A penetration tester wants to collect credentials against an organization with a PEAP infrastructure. Which of the following tools should the tester use?
PEAP is an 802.1X “enterprise” wireless authentication method that uses a TLS tunnel to protect an inner authentication exchange (commonly username/password–based mechanisms). In PenTest+ wireless assessments, credential collection against enterprise Wi-Fi is most often attempted through rogue access point / evil twin style attacks combined with social engineering and traffic relaying, where the tester stands up an attacker-controlled AP to entice clients to connect and then captures authentication attempts or harvests credentials via a controlled portal/workflow.

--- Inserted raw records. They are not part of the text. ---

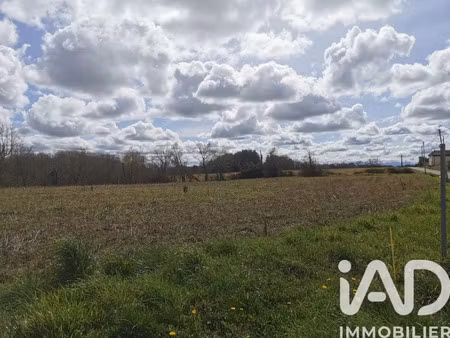 vente terrain à monségur (64460) : à vendre / 1806m² monségur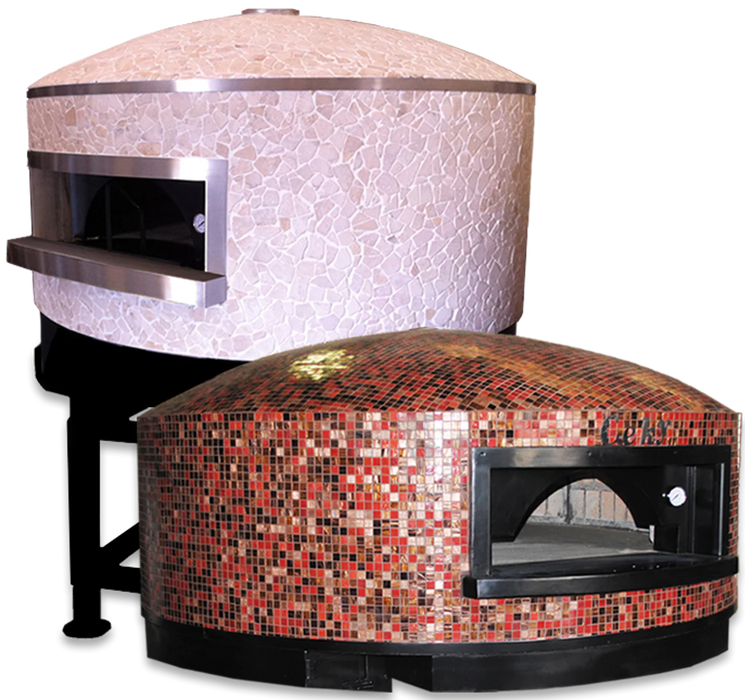Univex- Stone Hearth Dome Pizza Oven, 47" interior, domed/round exterior | DOME47GV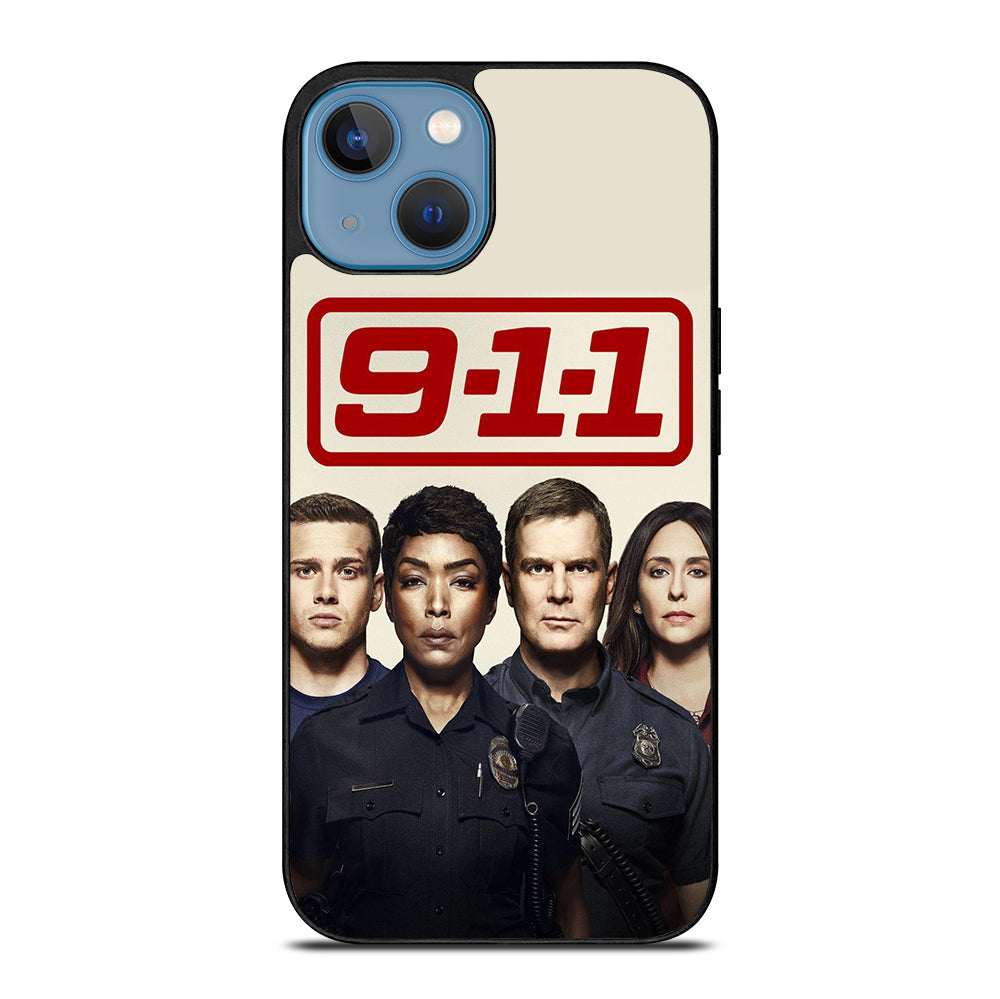 911 SERIES POSTER iPhone 13 Case Cover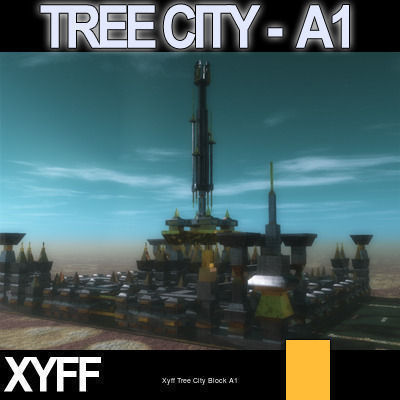 Sci Fi City Blocks Collection _7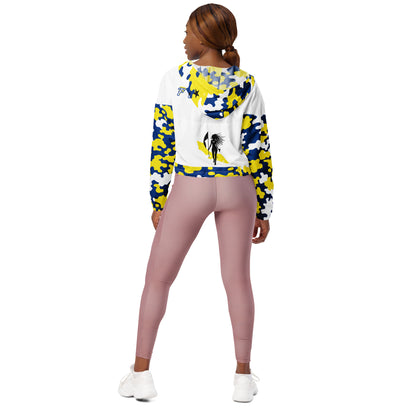 Fetren CAMO Jacket (Curacao Islands Women’s cropped windbreaker)-Fete Massive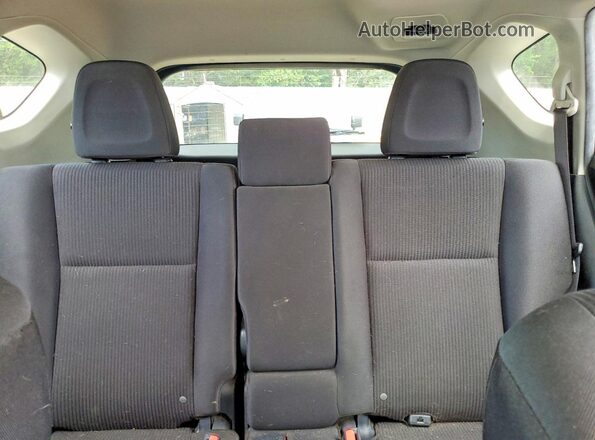 JTMZFREVXGJ065585 2016 TOYOTA RAV4 Charcoal Հետևի նստատեղերի տեսք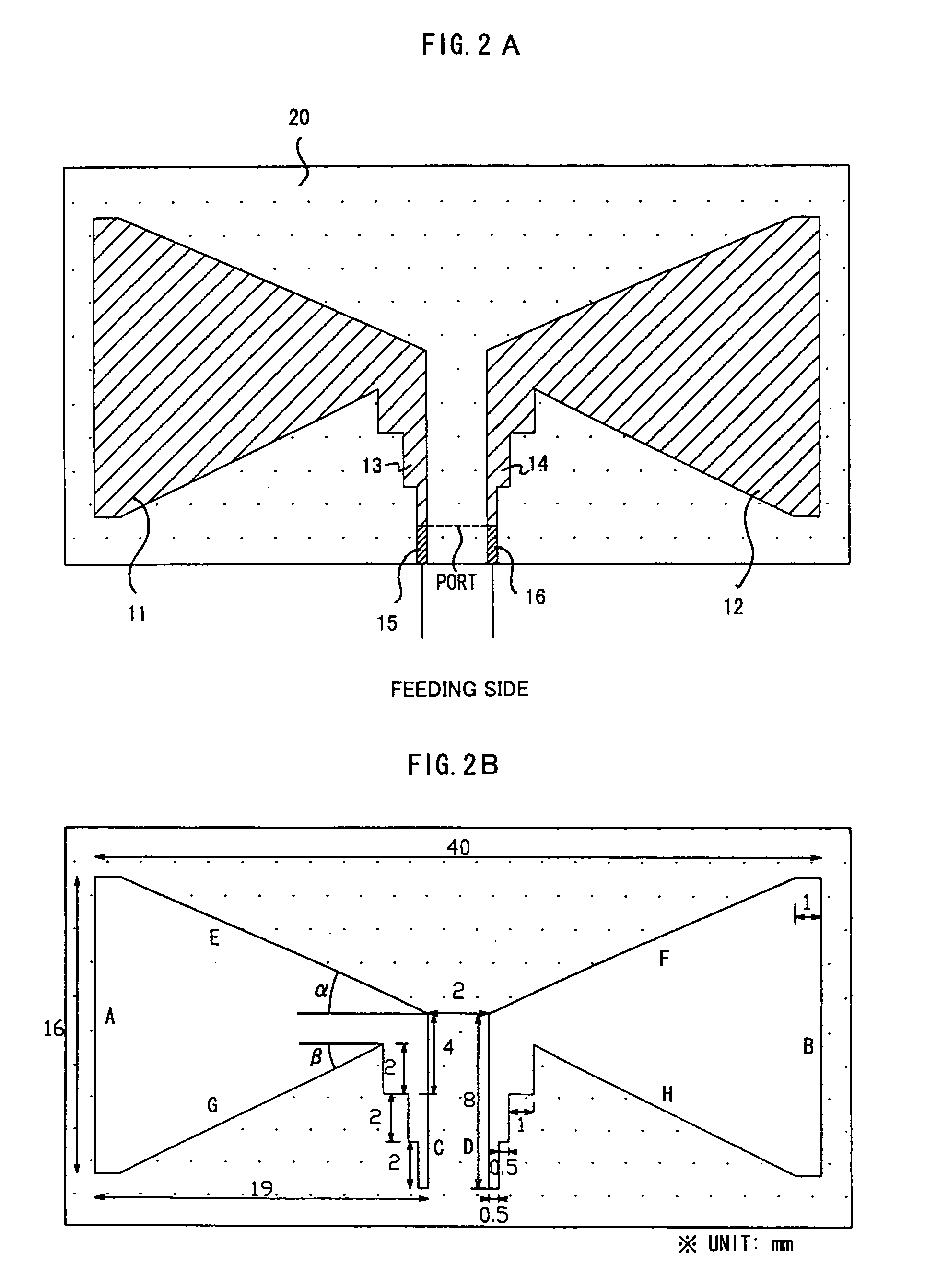 Ultra wideband bow-tie printed antenna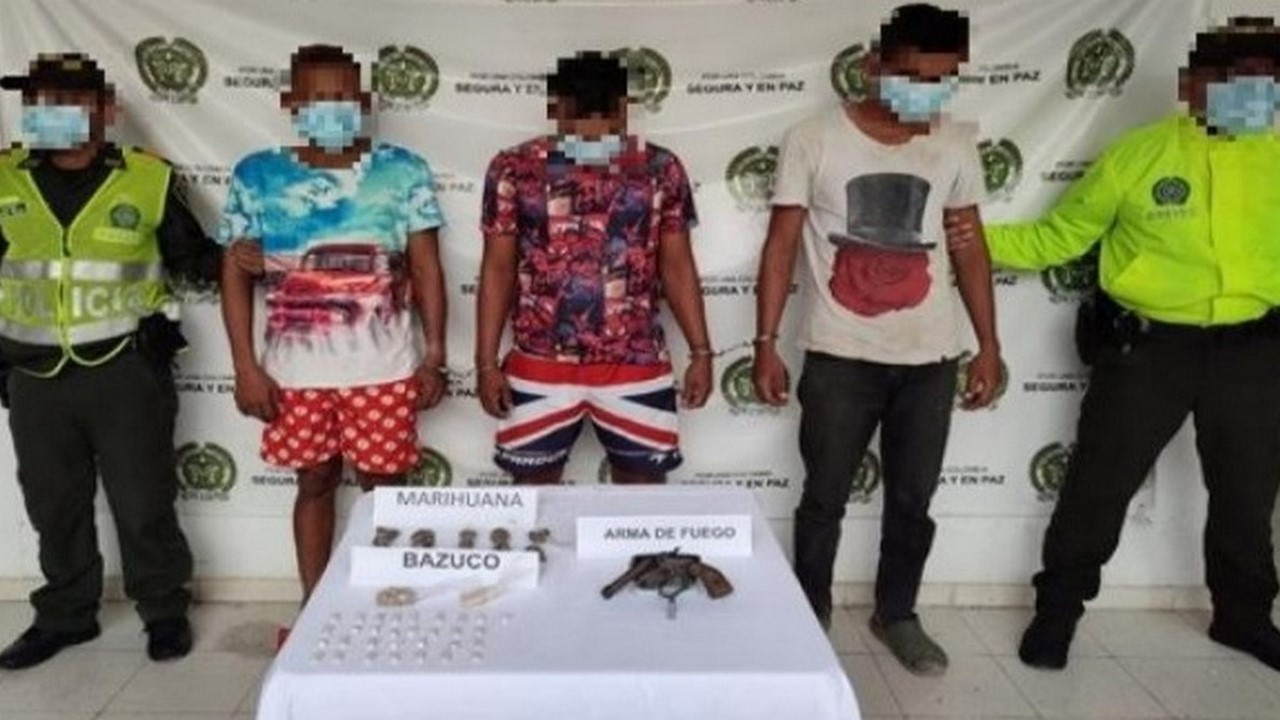 ¡Cayeron 'los barranquillitas'!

WiFi-Pumpkin is a framework designed to rapidly create rogue APs and support interception and credential-harvesting scenarios, aligning with the objective of collecting credentials during a controlled wireless security test. InSSIDer is primarily for wireless discovery and signal/AP enumeration, not credential collection. HackRF One is SDR hardware useful for radio experimentation and analysis, but it is not a complete PEAP credential-harvesting workflow by itself. Aircrack-ng is most associated with WPA/WPA2-PSK capture/cracking and general 802.11 attacks, but it is not the best fit for PEAP credential collection compared with a rogue-AP framework.